The only other person I know of who has started and lead to maturity multiple massive and infrastructural software projects is Fabrice Bellard. I've never ran into him self promoting (podcasts, HN, etc), and yet his projects are widely used and foundational.

It seems to me like the evidence points to "if you tackle really hard, long term, and foundational software projects successfully, people will use it, regardless of your ability to self promote."

davidatbu commented on ML needs a new programming language – Interview with Chris Lattner signalsandthreads.com/why... · Posted by u/melodyogonna

Alexander-Barth · 7 days ago

Actually in julia you can write kernels with a subset of the julia language:

https://cuda.juliagpu.org/stable/tutorials/introduction/#Wri...

With KernelAbstractions.jl you can actually target CUDA and ROCm:

https://juliagpu.github.io/KernelAbstractions.jl/stable/kern...

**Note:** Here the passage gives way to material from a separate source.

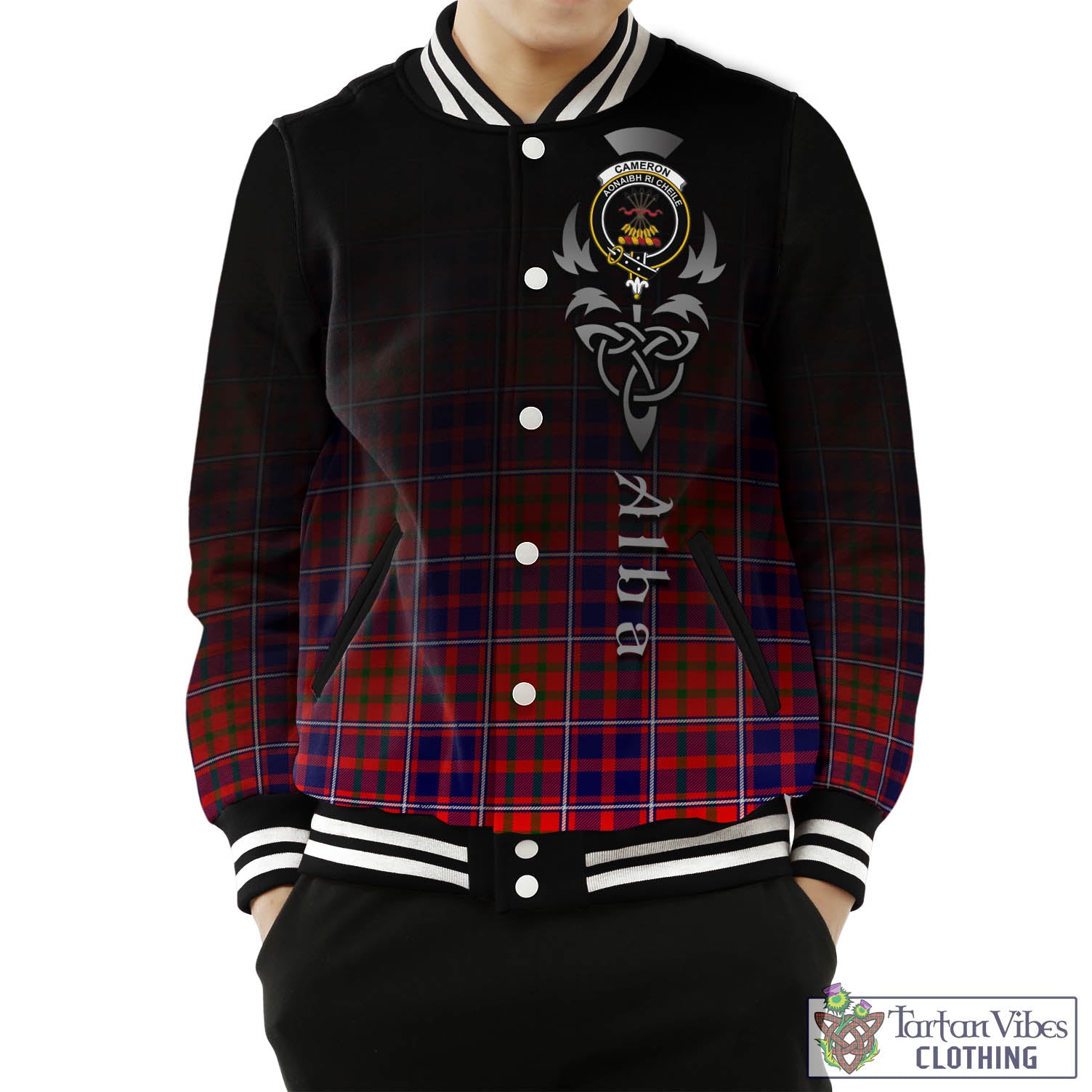 Tartan Vibes Clothing Cameron of Lochiel Modern Tartan Baseball Jacket Featuring Alba Gu Brath Family Crest Celtic Inspired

For python (or rather python-like), there is also triton (and probably others):

https://pytorch.org/blog/triton-kernel-compilation-stages/

davidatbu · 7 days ago

Chris's claim (at least with regards to Triton) is that it avails 80% of the performance, and they're aiming for closer to 100%.

davidatbu commented on ML needs a new programming language – Interview with Chris Lattner signalsandthreads.com/why... · Posted by u/melodyogonna

itsn0tm3 · 7 days ago

I‘m pretty sure in their early communications the stated very clearly that Mojo is going to be a clear superset of Python. Seems like they paddled back a bit in that regard.

davidatbu · 7 days ago

Yeah this is slightly confusing for me as well. Even in this very podcast, being a superset of Python was mentioned as a goal (albeit a long term one).

davidatbu commented on ML needs a new programming language – Interview with Chris Lattner signalsandthreads.com/why... · Posted by u/melodyogonna

bjourne · 7 days ago

> Why can't there be a language which is both as easy to write as Python, but can still express GPU kernels for ML applications? That's what Mojo is trying to be through clever use of LLVM MLIR.

It already exists. It is called PyTorch/JAX/TensorFlow. These frameworks already contain sophisticated compilers for turning computational graphs into optimized GPU code. I dare say that they don't leave enough performance on the table for a completely new language to be viable.

davidatbu · 7 days ago

Last I checked , all of pytorch, tensorflow, and Jax sit at a layer of abstraction that is above GPU kernels. They avail GPU kernels (as basically nodes in the computational graph you mention), but they don't let you write GPU kernels.

Triton, CUDA, etc, let one write GPU kernels.

davidatbu commented on ML needs a new programming language – Interview with Chris Lattner signalsandthreads.com/why... · Posted by u/melodyogonna

bobajeff · 7 days ago

I don't think Mojo can solve the two language problem. Maybe if it was going to be superset of Python? Anyway I think that was actually Julia's goal not Mojo's.

davidatbu · 7 days ago

Being a Python superset is literally a goal of Mojo mentioned in the podcast.

Edit: from other posts on this page, I've realized that being a superset of Python is now regarded a nice-to-have by Modular, not a must-have. They realized it's harder than they thought initially, basically.